* _Problem_
Your task is to filter the entries and copy every line containing the string "avec".

#### Given records

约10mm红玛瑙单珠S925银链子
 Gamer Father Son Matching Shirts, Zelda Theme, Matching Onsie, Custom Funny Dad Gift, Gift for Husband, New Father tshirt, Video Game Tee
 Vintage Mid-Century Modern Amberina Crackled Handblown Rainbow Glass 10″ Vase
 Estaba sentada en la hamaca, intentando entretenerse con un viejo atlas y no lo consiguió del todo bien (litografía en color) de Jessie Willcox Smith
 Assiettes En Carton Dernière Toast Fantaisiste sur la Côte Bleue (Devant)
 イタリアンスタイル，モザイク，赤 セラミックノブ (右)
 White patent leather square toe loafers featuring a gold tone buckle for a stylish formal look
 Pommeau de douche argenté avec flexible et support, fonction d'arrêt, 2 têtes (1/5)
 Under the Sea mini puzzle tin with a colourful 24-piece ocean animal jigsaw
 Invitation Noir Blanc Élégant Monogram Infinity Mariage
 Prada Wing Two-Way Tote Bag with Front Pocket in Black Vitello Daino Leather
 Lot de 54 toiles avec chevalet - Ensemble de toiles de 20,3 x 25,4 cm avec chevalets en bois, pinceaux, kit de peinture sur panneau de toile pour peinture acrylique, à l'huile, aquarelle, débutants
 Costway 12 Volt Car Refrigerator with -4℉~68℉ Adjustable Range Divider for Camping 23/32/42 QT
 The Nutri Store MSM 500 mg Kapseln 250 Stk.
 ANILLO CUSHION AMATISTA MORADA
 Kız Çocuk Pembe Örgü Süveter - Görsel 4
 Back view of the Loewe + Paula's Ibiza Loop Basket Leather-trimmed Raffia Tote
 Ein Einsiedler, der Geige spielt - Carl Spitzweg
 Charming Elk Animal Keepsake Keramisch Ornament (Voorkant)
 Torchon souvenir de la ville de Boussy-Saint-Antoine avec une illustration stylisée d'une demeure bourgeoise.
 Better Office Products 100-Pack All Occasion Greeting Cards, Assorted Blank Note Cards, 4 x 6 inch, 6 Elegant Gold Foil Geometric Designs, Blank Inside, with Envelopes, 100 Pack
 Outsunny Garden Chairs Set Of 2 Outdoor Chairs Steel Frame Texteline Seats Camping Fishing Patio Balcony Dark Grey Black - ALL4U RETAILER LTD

########

* _Task answer_
 Pommeau de douche argenté avec flexible et support, fonction d'arrêt, 2 têtes (1/5)
 Lot de 54 toiles avec chevalet - Ensemble de toiles de 20,3 x 25,4 cm avec chevalets en bois, pinceaux, kit de peinture sur panneau de toile pour peinture acrylique, à l'huile, aquarelle, débutants
 Torchon souvenir de la ville de Boussy-Saint-Antoine avec une illustration stylisée d'une demeure bourgeoise.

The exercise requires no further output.